▸ Problem statement
In the records below, find the line with "vidaXL Storage Bed" and repeat exactly every line from it through the line with "Superhero Bamboo Footie Sleeper". Pictures stay out.

*** Excerpted records ***

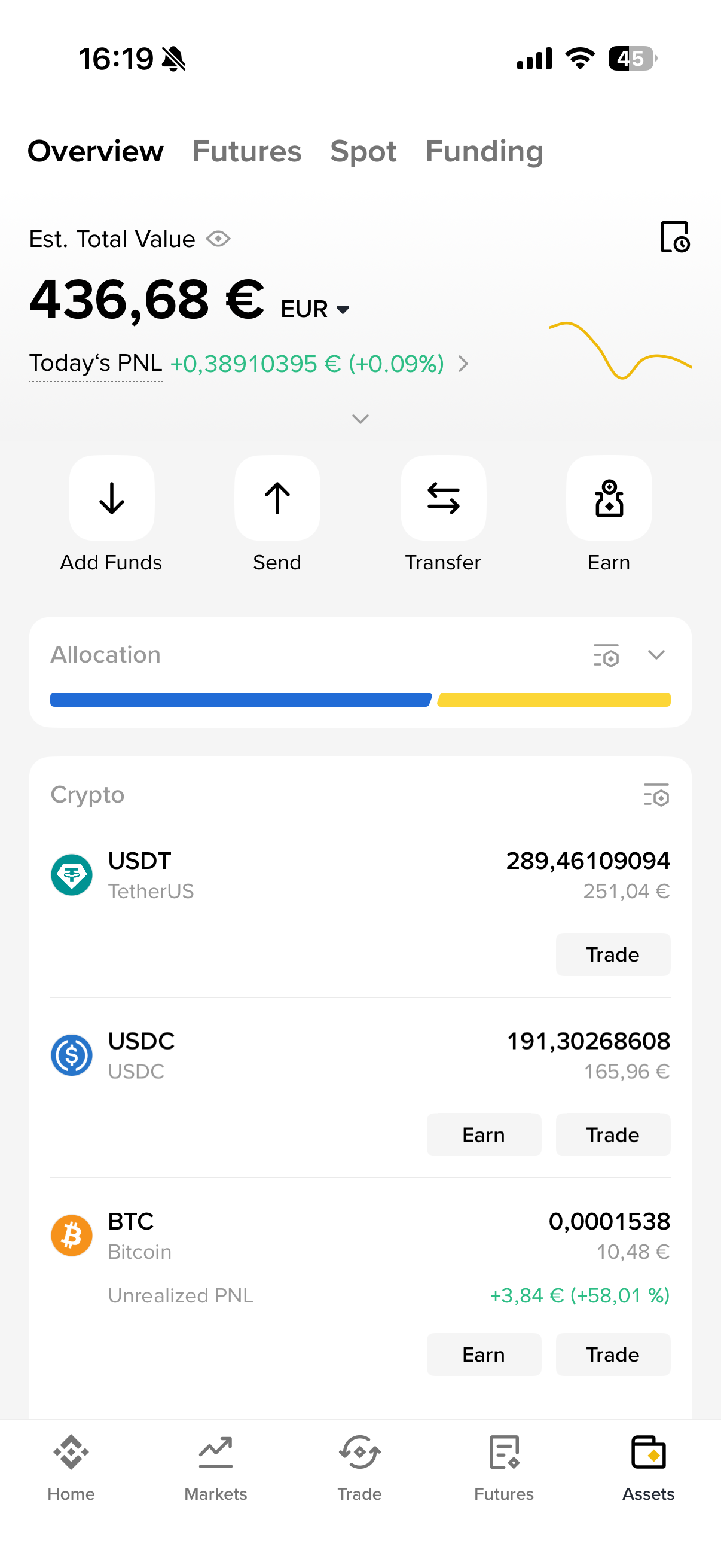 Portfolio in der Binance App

*** End of Excerpted records ***
*** Excerpted records ***

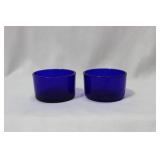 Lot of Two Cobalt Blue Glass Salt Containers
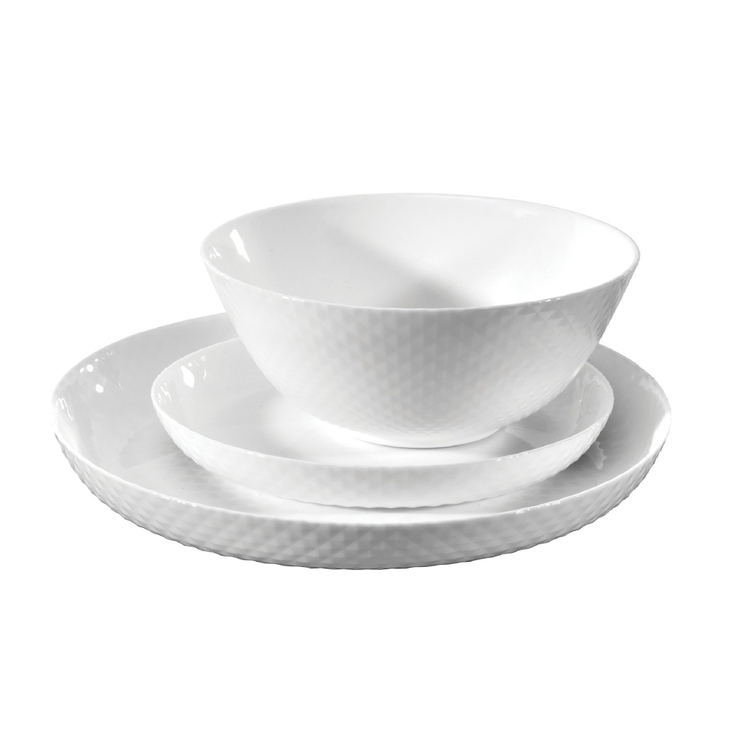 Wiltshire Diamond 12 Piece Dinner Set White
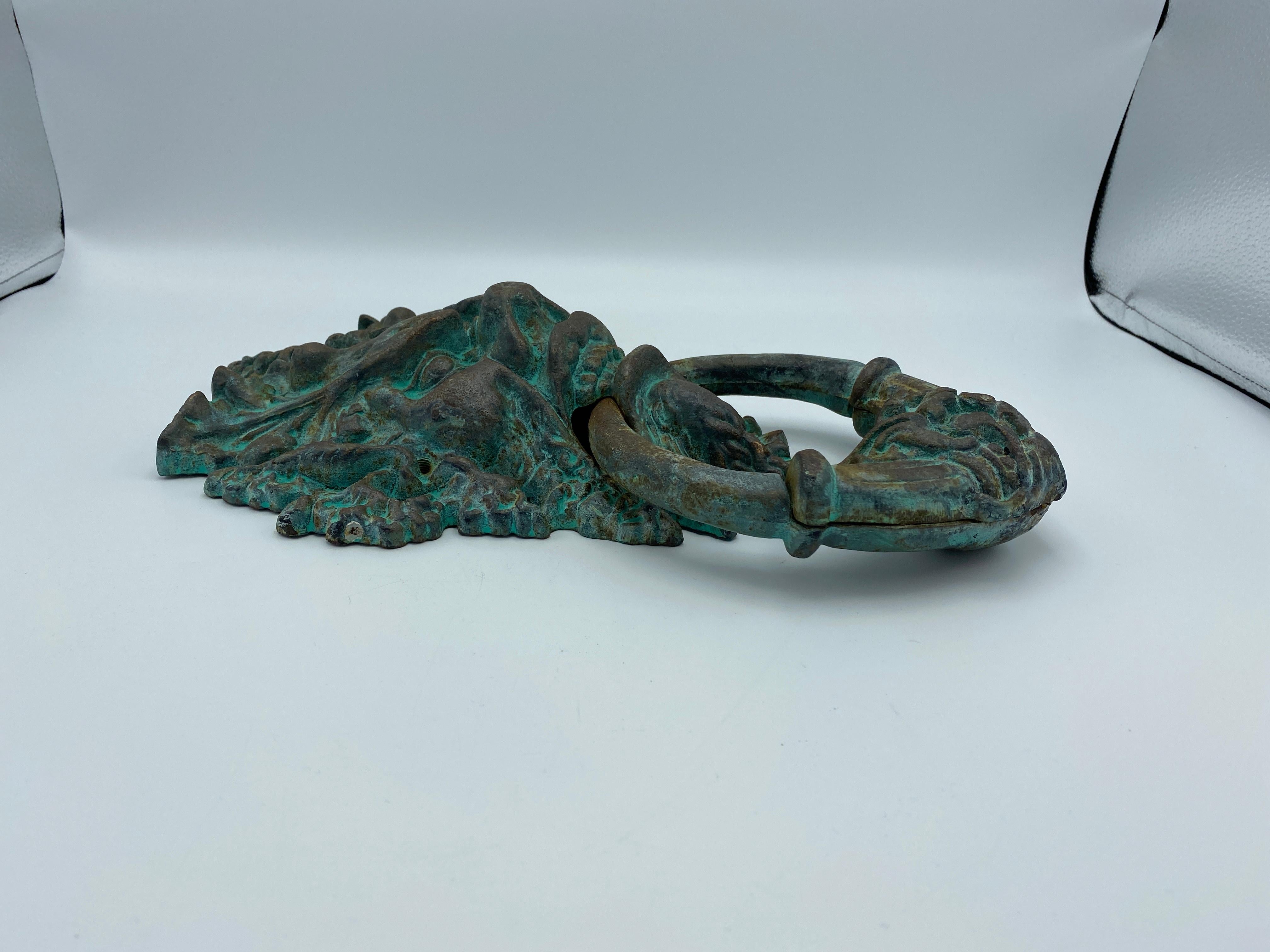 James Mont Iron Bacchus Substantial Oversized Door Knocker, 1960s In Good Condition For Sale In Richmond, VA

*** End of Excerpted records ***
*** Excerpted records ***

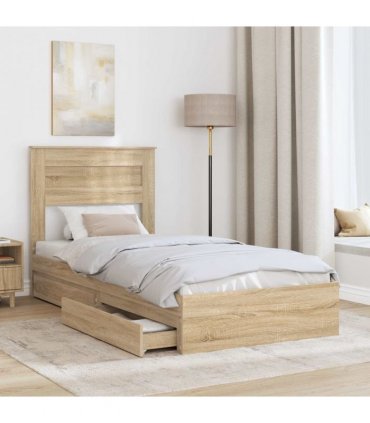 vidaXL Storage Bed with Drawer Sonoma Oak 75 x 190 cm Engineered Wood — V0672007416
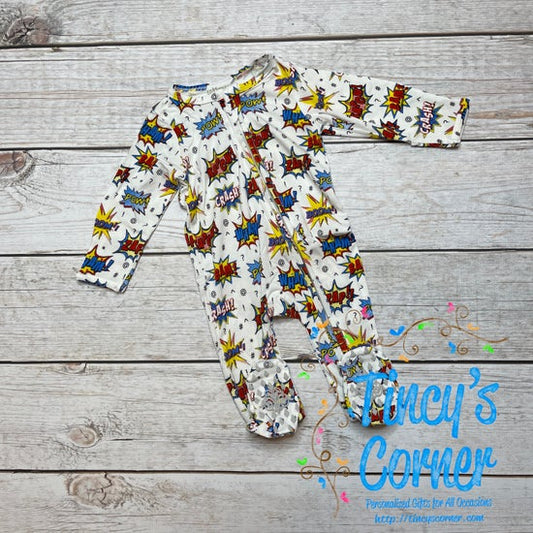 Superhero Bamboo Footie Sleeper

*** End of Excerpted records ***

▸ Result for this task
 vidaXL Storage Bed with Drawer Sonoma Oak 75 x 190 cm Engineered Wood — V0672007416
 Superhero Bamboo Footie Sleeper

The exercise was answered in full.